Cette distinction a encore été perceptible au moment de la présentation des dossiers, la France consacrant l’omniprésence des deux Présidents de Régions qui ont en grande partie monopolisé la conférence du 07 novembre dernier avec, ponctuellement, une pointe d’arrogance dans le propos, la Suède et la Suisse ayant quant à elles communiquées sur les projets par le seul intermédiaire des Comités Nationaux Olympiques, les institutions politiques intervenant en appui.

Conférence de presse de présentation de la candidatures des Alpes françaises à l’organisation des Jeux d’hiver de 2030, mardi 07 novembre 2023 (Crédits – CNOSF / KMSP)

Plus encore que ce constat, il ne faudrait pas négliger le fait que l’annonce de la candidature française est survenue dans un contexte pour le moins troublé concernant le CNOSF dont le psychodrame et les tourments ont été vécus et perçus par le CIO.

Ainsi, après le départ chaotique de la Présidente, Brigitte Henriques, le CNOSF a trouvé en David Lappartient un nouvel homme fort et une occasion de s’extirper des polémiques, en accompagnant une candidature aux Jeux et ce, malgré pourtant une place délicate dans le schéma organisationnel entourant Paris 2024, le fameux mille-feuille administratif franco-français ayant in fine étouffé l’instance olympique.
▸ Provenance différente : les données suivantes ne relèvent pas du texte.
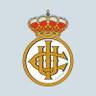 Real Unión Club Irun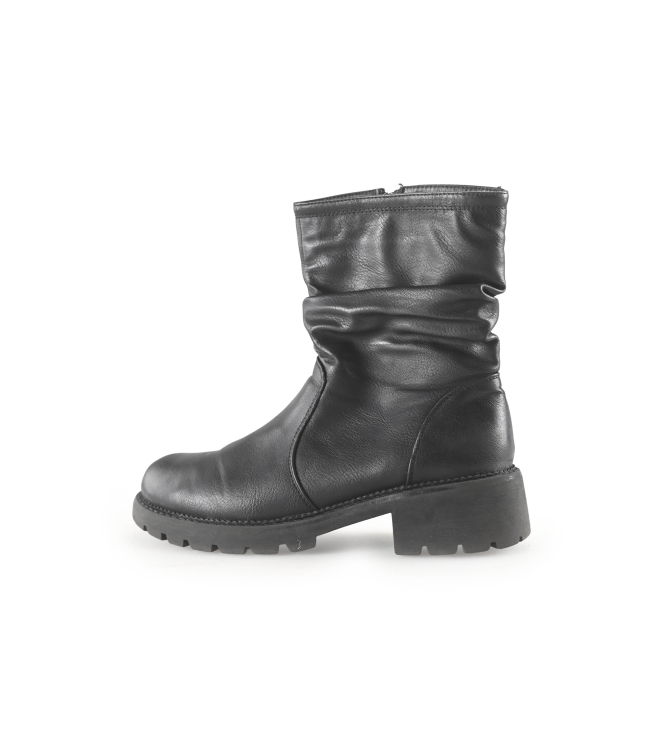 Elferink Stiefel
Acteur politique classé à la droite de l’échiquier comme les deux Présidents de Régions précités – Maire (2008-2021), Conseiller général (2011-2015) puis départemental, avant de prendre la tête du Morbihan en 2021 – David Lappartient a gravi les échelons sportifs, ce qui lui confère à ce stade une certaine expérience et connaissance des rouages.
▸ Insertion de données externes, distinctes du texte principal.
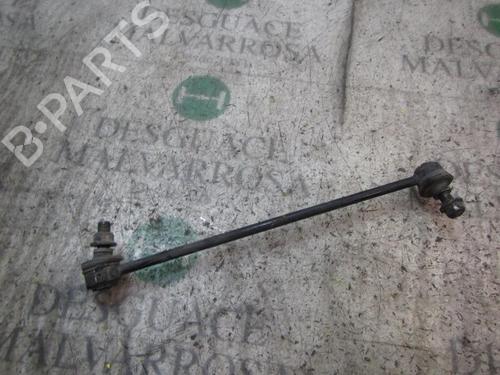 Used Left front suspension arm Left front suspension arm HYUNDAI SANTA FÉ II (CM) 2.2 CRDi (155 hp) 14276454 14276454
Président de la Fédération Française de Cyclisme de 2009 à 2017, de l’Union Européenne de Cyclisme entre 2013 et 2017, puis Président de l’Union Cycliste Internationale (UCI) depuis 2017, avant d’intégrer le CIO en 2022 et d’accéder à la présidence d’un Comité National Olympique en 2023, il pourrait désormais profiter de la candidature tricolore et, le cas échéant, du succès de cette dernière pour, un jour, prétendre à de nouvelles responsabilités.

Certains observateurs identifient d’ailleurs David Lappartient comme l’une des figures montantes du Mouvement olympique susceptibles de candidater à l’avenir au poste suprême de Président du CIO.
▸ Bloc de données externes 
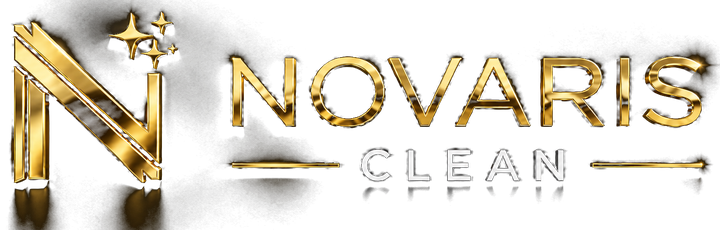 NOVARIS CLEAN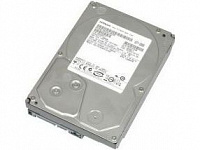 Жесткий диск HITACHI HDS721032CLA362 320Гб #3 – фото
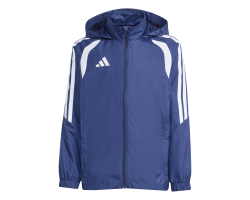 ADIDAS TIRO26 LEAGUE WB JR....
Le chemin reste toutefois des plus sinueux, l’accès à ce poste-clé nécessitant, outre la connaissance de l’institution, une parfaite appréciation et maîtrise des réseaux d’influence au sein de cette vénérable maison.

Il n’empêche, en cas de réussite de la candidature française, le nom de David Lappartient pourrait gagner en crédibilité et apparaître comme un éventuel recours pour les années qui viennent, sachant que Thomas Bach doit quitter son fauteuil en 2025, sauf à envisager une prolongation exceptionnelle de sa présidence, hypothèse ayant pris corps en marge de la dernière Session du CIO, mi-octobre.

En cas de déconvenue en revanche, un sérieux coup de frein serait donné au dirigeant aujourd’hui âgé de 50 ans.